When Abraham Lincoln was shoveled into the tombs he forgot
…the copperheads and the assassin . . . in the dust, in the
… cool tombs.
And Ulysses Grant lost all thought of con men and Wall Street,
… cash and collateral turned ashes . . . in the dust, in the
… cool tombs.
Pocahontas’ body, lovely as a poplar, sweet as a red haw in
… November or a pawpaw in May, did she wonder? does she
… remember? . . . in the dust, in the cool tombs?
Take any streetful of people buying clothes and groceries,
… cheering a hero or throwing confetti and blowing tin
… horns . . . tell me if the lovers are losers . . . tell me if any
… get more than the lovers . . . in the dust . . . in the cool
… tombs.
January 14, 2008 at 12:08 pm
paw paw ;-}
January 14, 2008 at 8:54 pm
Too dark.
January 15, 2008 at 11:36 am
“maybe death
isn’t darkness, after all,
but so much light
wrapping itself around us–
as soft as feathers–
that we are instantly weary
of looking, and looking, and shut our eyes,
not without amazement,
and let ourselves be carried,
as through the translucence of mica,
to the river
that is without the least dapple or shadow–
that is nothing but light–scalding, aortal light–
in which we are washed and washed
out of our bones.”
–from When Owl Flies Into and Out of the Field,
by Mary Oliver
January 17, 2008 at 4:42 am
“Dark” for sure. I was fasting from food and the internet for 5 days so set up this progression of poems to auto post while gone to create the illusion I was doing something.

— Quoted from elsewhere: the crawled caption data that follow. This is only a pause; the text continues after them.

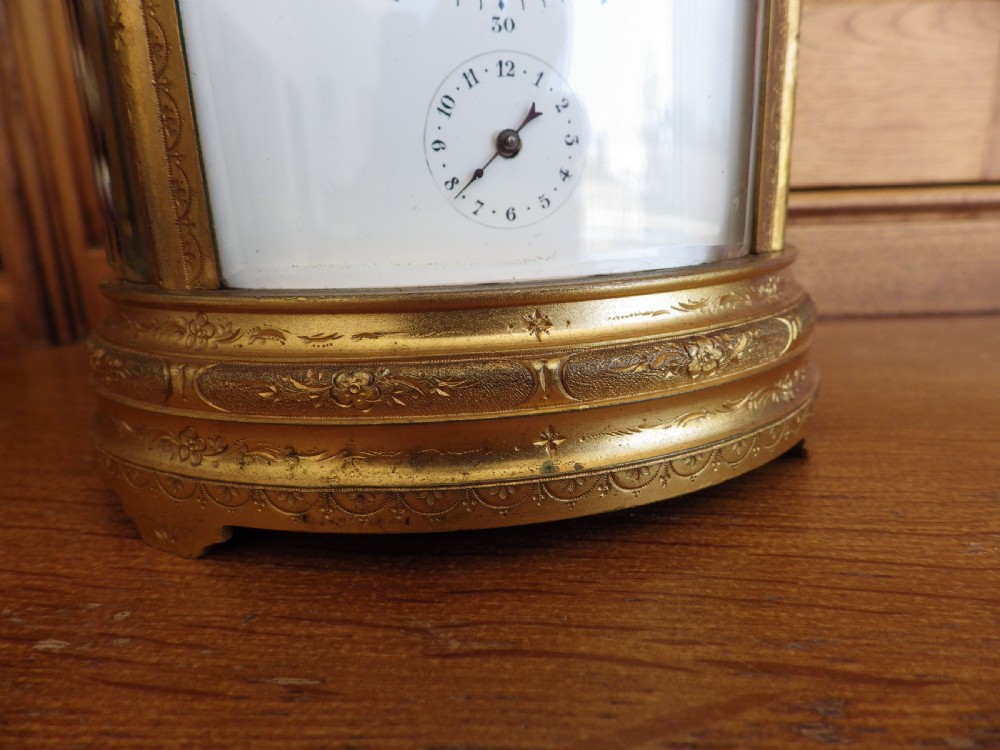 An antique 19th-century French oval gilt brass repeating carriage clock featuring a top carrying handle, glass panels, and a white enamel dial with Roman numerals. View II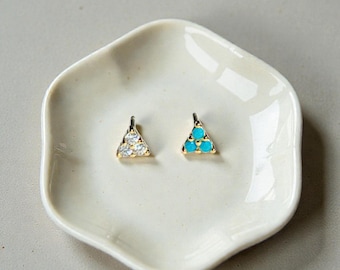 May include: Two gold-tone stud earrings, each featuring a triangular cluster of three small stones. One earring contains clear, faceted white stones, while the other earring contains three round, opaque turquoise-colored stones set in gold metal.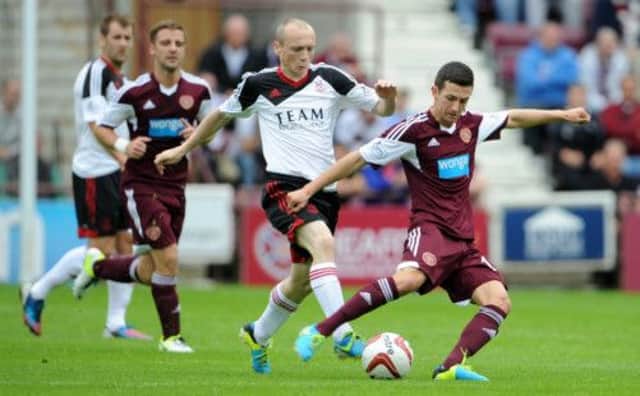 Jason Holt, a prominent figure in Hearts' midfield on Saturday, draws clear of Aberdeen's Willo Flood. Picture: Jane Barlow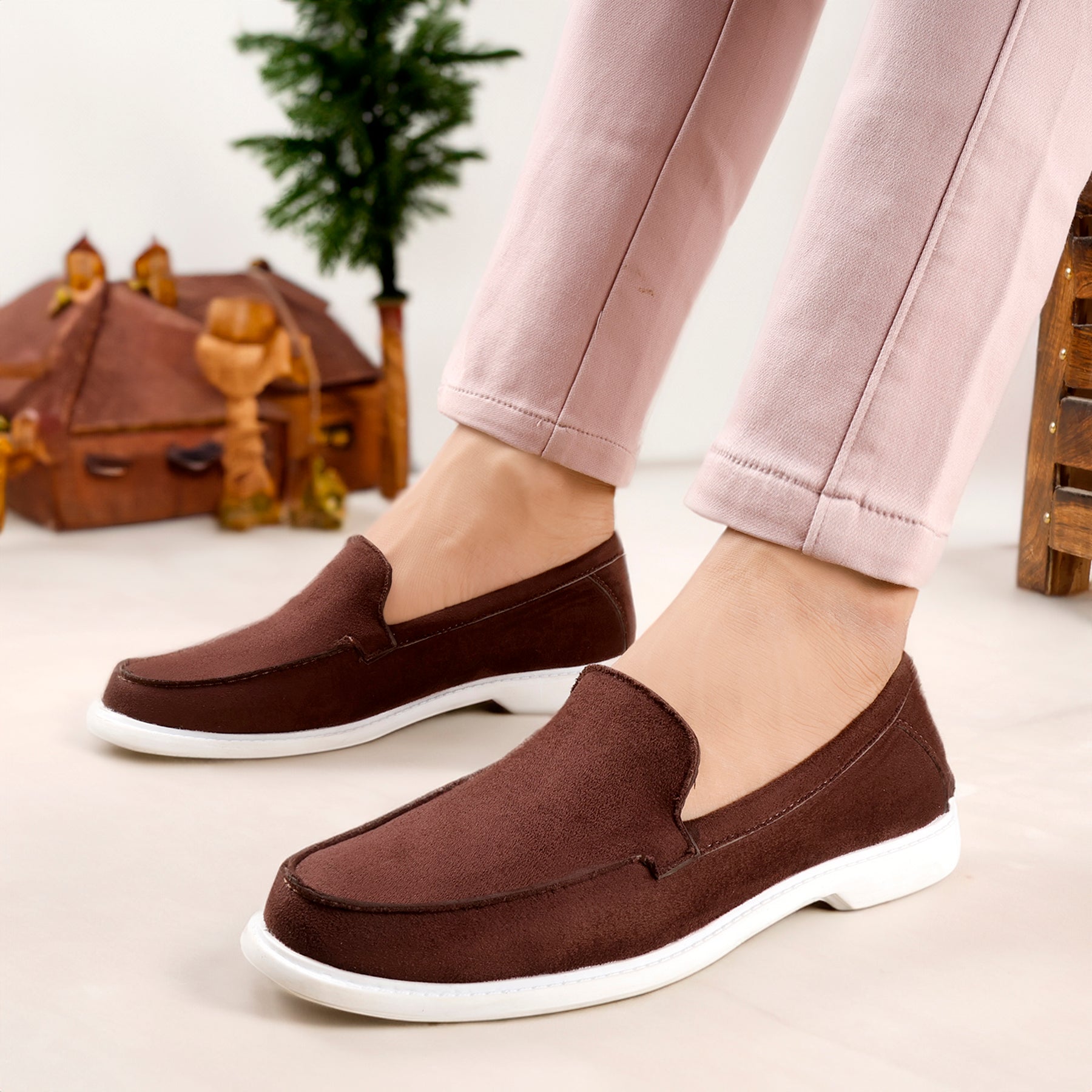 Brown loafers with white soles worn by a person, with a blurred indoor background.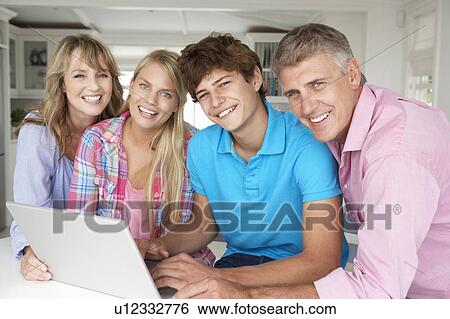 Stock Photograph - Family using laptop. Fotosearch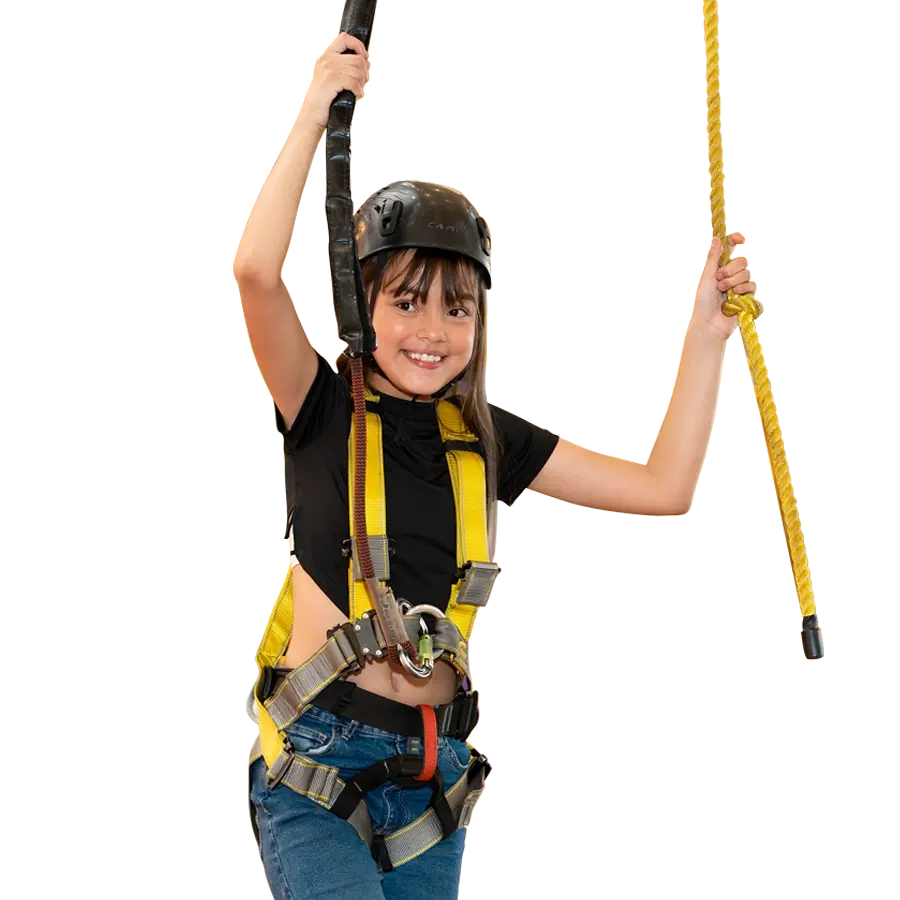 Niña con arnés disfrutando recorrido en alturas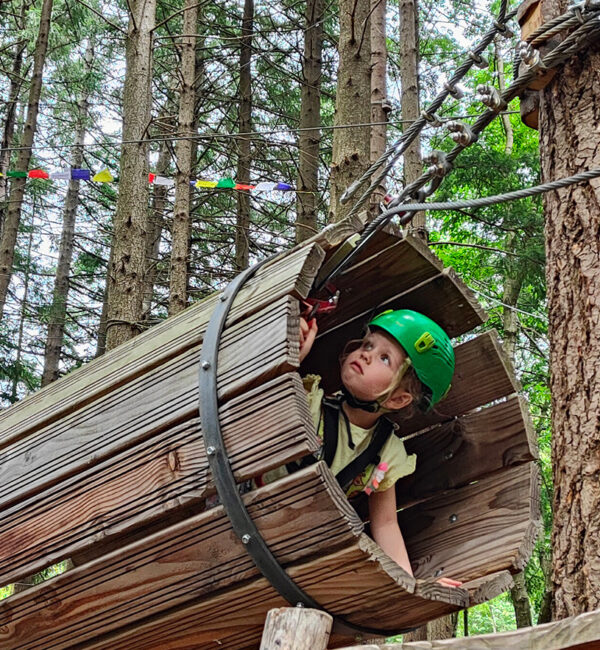 Une fillette traverse un tunnel dans le cadre d'un parcours d'accrobranche.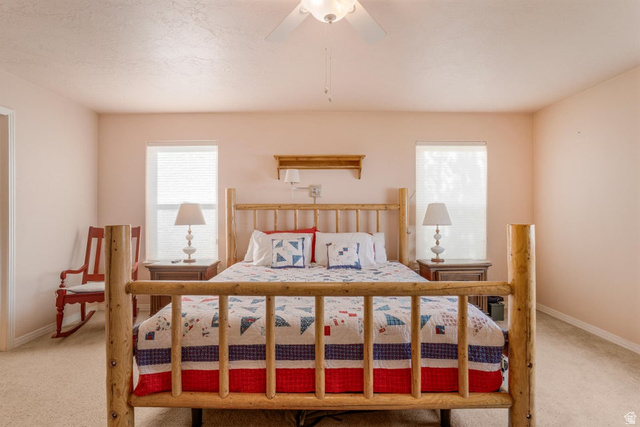 48 South Sage Road Pine Valley, UT 84781 - Photo 23 of 61 Comfortable interior space featuring two windows with blinds, a ceiling fan, and carpeted flooring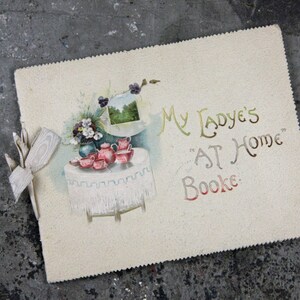 May include: A vintage book cover with a decorative illustration of a table setting with teacups and flowers. The text on the cover reads "My Ladye's "AT Home" Booke."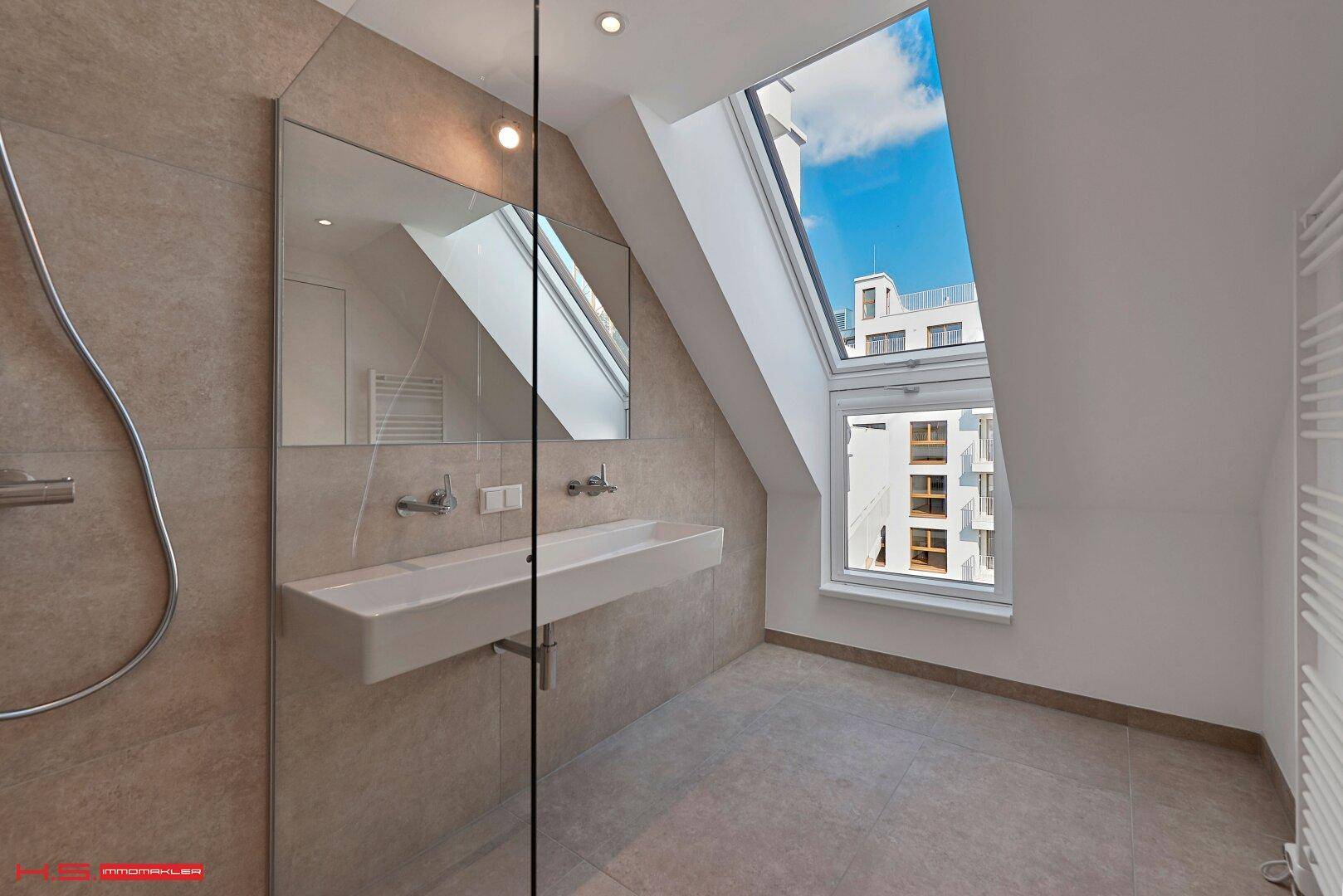 Modernes Badezimmer mit begehbarer Dusche, Dachfenster und beheiztem Handtuchhalter.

But dark is a perspective that exists, though others do too, as Soma points out on catching the paw paw reference I figured he would like. I bet he laughed, right there in the face of death.
Death is a dark subject but some of the richest works of poetry concern it, and, IMHO, the greatest orchestral works are usually requiem masses.
And as I believe Shakespeare says somewhere, roughly to this effect: “If Death comes in the dark as a misstris, I will embrace here.”